(Items listed in a dataset)
────

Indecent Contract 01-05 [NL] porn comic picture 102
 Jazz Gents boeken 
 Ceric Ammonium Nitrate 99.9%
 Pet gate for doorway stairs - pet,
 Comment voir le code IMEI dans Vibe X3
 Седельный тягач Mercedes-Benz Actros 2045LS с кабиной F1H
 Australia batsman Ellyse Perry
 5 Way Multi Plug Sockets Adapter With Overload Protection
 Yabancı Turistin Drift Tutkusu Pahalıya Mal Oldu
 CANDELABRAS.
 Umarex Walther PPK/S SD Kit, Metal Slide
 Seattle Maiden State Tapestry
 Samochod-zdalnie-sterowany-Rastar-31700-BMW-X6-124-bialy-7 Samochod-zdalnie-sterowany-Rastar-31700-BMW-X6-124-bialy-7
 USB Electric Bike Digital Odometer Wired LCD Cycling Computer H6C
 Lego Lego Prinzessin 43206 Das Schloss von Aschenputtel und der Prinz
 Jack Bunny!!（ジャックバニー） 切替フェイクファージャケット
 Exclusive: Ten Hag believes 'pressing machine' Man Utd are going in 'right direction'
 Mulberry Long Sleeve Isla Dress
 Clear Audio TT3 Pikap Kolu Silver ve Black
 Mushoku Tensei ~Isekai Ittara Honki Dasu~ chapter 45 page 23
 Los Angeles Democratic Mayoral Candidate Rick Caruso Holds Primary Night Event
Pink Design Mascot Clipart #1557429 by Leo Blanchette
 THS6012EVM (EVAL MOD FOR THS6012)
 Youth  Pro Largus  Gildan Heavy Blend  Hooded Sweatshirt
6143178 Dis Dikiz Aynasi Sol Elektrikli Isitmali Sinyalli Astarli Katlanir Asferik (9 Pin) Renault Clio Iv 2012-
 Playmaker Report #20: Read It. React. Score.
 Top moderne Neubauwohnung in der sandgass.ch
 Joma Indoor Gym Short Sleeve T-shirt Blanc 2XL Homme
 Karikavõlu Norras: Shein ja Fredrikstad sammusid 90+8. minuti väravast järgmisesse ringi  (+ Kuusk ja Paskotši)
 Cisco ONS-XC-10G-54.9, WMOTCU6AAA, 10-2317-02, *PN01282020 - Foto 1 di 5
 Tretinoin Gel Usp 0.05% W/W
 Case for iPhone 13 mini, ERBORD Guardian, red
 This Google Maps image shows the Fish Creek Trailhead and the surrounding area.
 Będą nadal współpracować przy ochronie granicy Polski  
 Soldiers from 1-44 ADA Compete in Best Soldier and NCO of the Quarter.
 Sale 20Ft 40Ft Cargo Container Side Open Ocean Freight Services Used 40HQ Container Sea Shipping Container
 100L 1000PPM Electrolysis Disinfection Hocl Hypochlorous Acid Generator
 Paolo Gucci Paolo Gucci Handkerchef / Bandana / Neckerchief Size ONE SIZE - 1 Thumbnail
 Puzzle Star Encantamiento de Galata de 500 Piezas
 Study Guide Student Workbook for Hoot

────

■ **WHAT YOU SHOULD DO**
Look above for the line with "Jazz Gents boeken" and the line with "Exclusive: Ten Hag". Retype those two lines and every line between them exactly, adding nothing.

■ **WORKED SOLUTION**
 Jazz Gents boeken 
 Ceric Ammonium Nitrate 99.9%
 Pet gate for doorway stairs - pet,
 Comment voir le code IMEI dans Vibe X3
 Седельный тягач Mercedes-Benz Actros 2045LS с кабиной F1H
 Australia batsman Ellyse Perry
 5 Way Multi Plug Sockets Adapter With Overload Protection
 Yabancı Turistin Drift Tutkusu Pahalıya Mal Oldu
 CANDELABRAS.
 Umarex Walther PPK/S SD Kit, Metal Slide
 Seattle Maiden State Tapestry
 Samochod-zdalnie-sterowany-Rastar-31700-BMW-X6-124-bialy-7 Samochod-zdalnie-sterowany-Rastar-31700-BMW-X6-124-bialy-7
 USB Electric Bike Digital Odometer Wired LCD Cycling Computer H6C
 Lego Lego Prinzessin 43206 Das Schloss von Aschenputtel und der Prinz
 Jack Bunny!!（ジャックバニー） 切替フェイクファージャケット
 Exclusive: Ten Hag believes 'pressing machine' Man Utd are going in 'right direction'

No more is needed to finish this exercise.